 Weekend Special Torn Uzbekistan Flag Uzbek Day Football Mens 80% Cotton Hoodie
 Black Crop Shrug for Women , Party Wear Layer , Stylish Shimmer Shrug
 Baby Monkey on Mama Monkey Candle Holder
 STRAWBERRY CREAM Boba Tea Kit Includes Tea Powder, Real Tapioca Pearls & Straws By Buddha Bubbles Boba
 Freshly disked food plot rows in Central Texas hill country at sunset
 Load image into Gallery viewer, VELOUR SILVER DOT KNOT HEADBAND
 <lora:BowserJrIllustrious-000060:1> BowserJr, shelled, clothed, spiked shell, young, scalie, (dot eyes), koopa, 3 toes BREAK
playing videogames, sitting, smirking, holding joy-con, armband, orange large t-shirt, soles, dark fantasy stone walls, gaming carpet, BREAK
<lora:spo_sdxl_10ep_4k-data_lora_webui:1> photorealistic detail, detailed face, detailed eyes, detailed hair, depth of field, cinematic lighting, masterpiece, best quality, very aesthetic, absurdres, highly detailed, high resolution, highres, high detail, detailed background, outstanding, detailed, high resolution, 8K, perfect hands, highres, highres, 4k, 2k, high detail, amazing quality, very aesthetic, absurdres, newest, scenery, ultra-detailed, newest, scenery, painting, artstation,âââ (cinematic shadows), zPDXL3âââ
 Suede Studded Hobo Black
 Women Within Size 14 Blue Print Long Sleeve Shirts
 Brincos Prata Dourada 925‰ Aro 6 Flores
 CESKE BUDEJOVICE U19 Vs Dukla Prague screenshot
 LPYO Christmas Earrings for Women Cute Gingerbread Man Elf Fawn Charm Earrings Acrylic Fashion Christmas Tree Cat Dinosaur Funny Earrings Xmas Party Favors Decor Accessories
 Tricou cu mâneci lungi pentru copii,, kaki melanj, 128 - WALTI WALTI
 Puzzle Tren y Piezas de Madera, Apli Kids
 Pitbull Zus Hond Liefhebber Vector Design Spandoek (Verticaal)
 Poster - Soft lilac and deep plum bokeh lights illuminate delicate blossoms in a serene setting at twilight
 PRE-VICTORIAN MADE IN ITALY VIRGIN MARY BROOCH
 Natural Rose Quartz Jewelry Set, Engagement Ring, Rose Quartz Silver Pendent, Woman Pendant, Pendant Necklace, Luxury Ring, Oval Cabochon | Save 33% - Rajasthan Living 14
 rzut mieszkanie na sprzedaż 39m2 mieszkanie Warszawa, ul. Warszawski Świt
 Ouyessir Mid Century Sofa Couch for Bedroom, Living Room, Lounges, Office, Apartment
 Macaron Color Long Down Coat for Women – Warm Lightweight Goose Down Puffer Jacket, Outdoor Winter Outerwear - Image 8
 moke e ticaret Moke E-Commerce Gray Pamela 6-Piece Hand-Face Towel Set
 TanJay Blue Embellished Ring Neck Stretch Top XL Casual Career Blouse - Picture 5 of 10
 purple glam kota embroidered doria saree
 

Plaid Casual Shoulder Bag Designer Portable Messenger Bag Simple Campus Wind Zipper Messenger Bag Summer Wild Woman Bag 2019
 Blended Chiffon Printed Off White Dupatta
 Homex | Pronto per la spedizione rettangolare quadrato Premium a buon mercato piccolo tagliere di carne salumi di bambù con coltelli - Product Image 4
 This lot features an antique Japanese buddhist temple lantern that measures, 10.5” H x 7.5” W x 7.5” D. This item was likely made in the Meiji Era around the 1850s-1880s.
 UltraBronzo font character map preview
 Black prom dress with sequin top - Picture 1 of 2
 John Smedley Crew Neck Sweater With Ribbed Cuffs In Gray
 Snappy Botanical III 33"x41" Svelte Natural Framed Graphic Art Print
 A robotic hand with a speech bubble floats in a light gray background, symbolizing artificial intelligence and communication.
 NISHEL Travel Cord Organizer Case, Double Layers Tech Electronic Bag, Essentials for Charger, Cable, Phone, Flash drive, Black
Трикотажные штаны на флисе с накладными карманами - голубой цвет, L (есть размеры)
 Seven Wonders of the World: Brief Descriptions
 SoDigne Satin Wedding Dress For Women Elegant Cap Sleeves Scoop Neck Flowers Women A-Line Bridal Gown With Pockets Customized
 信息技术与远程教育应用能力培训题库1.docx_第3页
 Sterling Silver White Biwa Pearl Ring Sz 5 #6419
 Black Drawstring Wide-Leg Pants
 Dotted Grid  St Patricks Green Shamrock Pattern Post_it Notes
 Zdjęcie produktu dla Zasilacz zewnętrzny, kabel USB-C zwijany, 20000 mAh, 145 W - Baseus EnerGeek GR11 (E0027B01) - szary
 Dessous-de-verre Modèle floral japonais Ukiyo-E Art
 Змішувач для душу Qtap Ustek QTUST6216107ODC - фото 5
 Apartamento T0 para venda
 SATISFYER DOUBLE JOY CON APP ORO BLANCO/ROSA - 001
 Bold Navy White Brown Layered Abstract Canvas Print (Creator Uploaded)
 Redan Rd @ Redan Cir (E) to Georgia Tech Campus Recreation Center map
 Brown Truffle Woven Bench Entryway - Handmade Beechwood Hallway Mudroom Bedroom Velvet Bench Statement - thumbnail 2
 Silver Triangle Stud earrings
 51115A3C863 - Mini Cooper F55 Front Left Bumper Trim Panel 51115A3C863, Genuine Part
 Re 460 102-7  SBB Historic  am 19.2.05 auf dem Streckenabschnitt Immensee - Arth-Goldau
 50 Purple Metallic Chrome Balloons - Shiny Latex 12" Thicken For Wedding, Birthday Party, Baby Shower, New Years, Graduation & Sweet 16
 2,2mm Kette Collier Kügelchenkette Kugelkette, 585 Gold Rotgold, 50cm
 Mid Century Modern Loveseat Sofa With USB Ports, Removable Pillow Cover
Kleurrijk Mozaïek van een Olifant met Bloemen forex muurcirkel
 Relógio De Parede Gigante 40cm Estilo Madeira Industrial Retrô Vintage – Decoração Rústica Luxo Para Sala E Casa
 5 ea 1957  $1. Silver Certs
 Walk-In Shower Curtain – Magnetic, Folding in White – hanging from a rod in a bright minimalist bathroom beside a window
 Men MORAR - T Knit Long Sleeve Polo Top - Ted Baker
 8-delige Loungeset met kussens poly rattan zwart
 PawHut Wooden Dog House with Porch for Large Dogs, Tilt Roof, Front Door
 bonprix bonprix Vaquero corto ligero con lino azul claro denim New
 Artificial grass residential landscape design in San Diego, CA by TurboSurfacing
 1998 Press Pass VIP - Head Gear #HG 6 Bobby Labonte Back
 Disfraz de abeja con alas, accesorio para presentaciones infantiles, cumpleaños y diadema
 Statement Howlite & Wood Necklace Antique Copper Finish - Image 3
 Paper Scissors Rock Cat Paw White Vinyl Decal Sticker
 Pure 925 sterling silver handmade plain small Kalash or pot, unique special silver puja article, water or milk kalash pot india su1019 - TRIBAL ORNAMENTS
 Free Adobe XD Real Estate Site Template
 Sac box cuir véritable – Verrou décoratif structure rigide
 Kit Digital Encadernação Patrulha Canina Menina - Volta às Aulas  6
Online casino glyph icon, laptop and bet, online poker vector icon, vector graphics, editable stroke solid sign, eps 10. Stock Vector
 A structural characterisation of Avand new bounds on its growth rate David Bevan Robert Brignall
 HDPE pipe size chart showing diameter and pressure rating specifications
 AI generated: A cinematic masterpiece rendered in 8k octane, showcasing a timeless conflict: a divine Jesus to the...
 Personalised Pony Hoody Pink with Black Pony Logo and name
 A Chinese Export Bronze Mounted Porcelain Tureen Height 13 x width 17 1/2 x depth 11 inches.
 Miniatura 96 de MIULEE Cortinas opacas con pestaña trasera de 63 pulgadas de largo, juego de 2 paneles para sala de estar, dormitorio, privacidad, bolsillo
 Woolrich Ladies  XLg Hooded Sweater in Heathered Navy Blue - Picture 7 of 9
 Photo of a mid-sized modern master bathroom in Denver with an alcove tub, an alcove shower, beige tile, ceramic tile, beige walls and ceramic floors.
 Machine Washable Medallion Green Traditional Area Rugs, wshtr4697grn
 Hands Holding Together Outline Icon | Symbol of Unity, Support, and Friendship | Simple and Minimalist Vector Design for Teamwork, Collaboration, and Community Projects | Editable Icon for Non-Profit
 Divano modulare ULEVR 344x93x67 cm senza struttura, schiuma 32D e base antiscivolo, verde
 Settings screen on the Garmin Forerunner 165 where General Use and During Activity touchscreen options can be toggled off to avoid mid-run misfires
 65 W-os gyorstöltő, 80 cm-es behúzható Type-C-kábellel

# # # # #

AIM OF THE TASK:
Whichever lines of the data include the word "masterpiece", pull them out.

RESULT BELOW:
<lora:spo_sdxl_10ep_4k-data_lora_webui:1> photorealistic detail, detailed face, detailed eyes, detailed hair, depth of field, cinematic lighting, masterpiece, best quality, very aesthetic, absurdres, highly detailed, high resolution, highres, high detail, detailed background, outstanding, detailed, high resolution, 8K, perfect hands, highres, highres, 4k, 2k, high detail, amazing quality, very aesthetic, absurdres, newest, scenery, ultra-detailed, newest, scenery, painting, artstation,âââ (cinematic shadows), zPDXL3âââ
 AI generated: A cinematic masterpiece rendered in 8k octane, showcasing a timeless conflict: a divine Jesus to the...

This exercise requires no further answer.